What kind of backup system do I use? Before we get there, let's consider the kinds of data I have. First, I have my operating system and programs/software. Yes, I can rebuild from scratch, but that would be a royal pain and a waste of time. I have this data segregated on its own physical drive, the OS drive.
Then I have personal documents, which I don't care to lose, obviously. My photo library is large (30,000+ photos) and is very precious (family photos always are).
Animation projects produce lots of data, easily several gigabytes, while larger projects can produce dozens or hundreds of gigabytes. Some of that is temporary data which can be cleaned out after the project concludes, but while the project is on-going, I do want to keep and protect it.
Finally, there's a lot of ripped media: music and movies (from discs I own, okay?). Fairly easy to recover, so I'm not going to go nuts with the backups, but I don't want to re-rip a ton of CDs and Blu-rays either.
Okay, now I can get to my backup system. My first line of defense is backing up my computer to a two-bay Synology NAS. It's like an external drive that's connected via ethernet instead of USB. And there's two hard drives, so I can fit twice as much stuff, right? Nope: the two hard drives are mirrored (that's called RAID 1), i.e. exact duplicates. This is so if a hard drive fails (it's happened at least twice), all the data is preserved and I just need to stick a new hard drive in to replace the failed one. Side note: RAID is not a backup solution on its own. It doesn't cover scenarios B through F, nor all of A. What and how do I backup to the NAS? I use Macrium Reflect backup software to daily create an image of my OS drive. I have a second daily backup scheduled for all my important data. The NAS isn't huge and I am keeping a few historical backup copies so I can go back in time if needed; this means I have to be a bit selective about the data that's backed up, so some folders (e.g. ripped video) are excluded.
This NAS component does meet several of the features listed. For 1 (recovery), it hits A, B, most of C/D, some of E/F. Number 3 (fast recovery) is a big one.

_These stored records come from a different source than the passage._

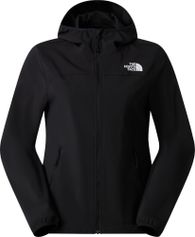 The North Face Womens Nimble Hoodie 2 Damen Freizeitjacke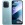 Xiaomi Poco C85 256GB RAM8 Global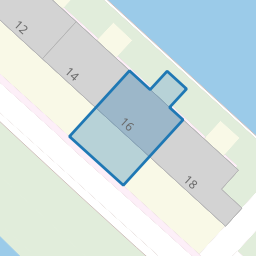 Perceel NWK03-E-1461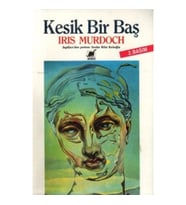 Kesik Bir Baş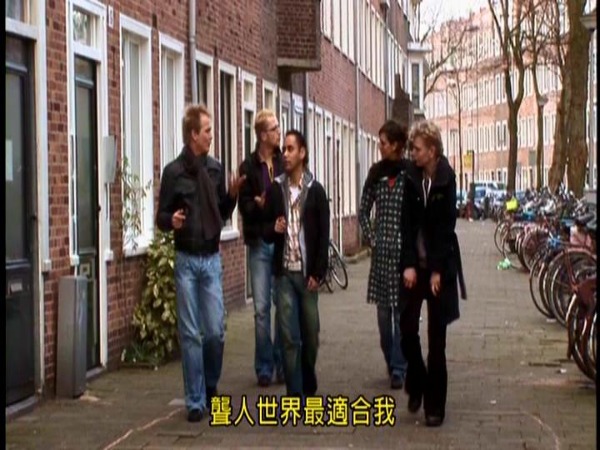 對不起，你說什麼Sorry ，what did you say？(標題圖檔)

I once had my computer simply not boot. I spent the morning troubleshooting trying to fix the issue. At noon I said forget it and restored an OS drive backup. I was up and running that afternoon. Unfortunately my OS backup was a few months old, which caused more problems than one would think. So now I backup my OS daily. Still, the method works. And for 4 (outside access), no one should be able to gain access to my NAS that wouldn't be able to gain access to my computer. I do wonder how and if I should strengthen that. I don't know quite enough about network security.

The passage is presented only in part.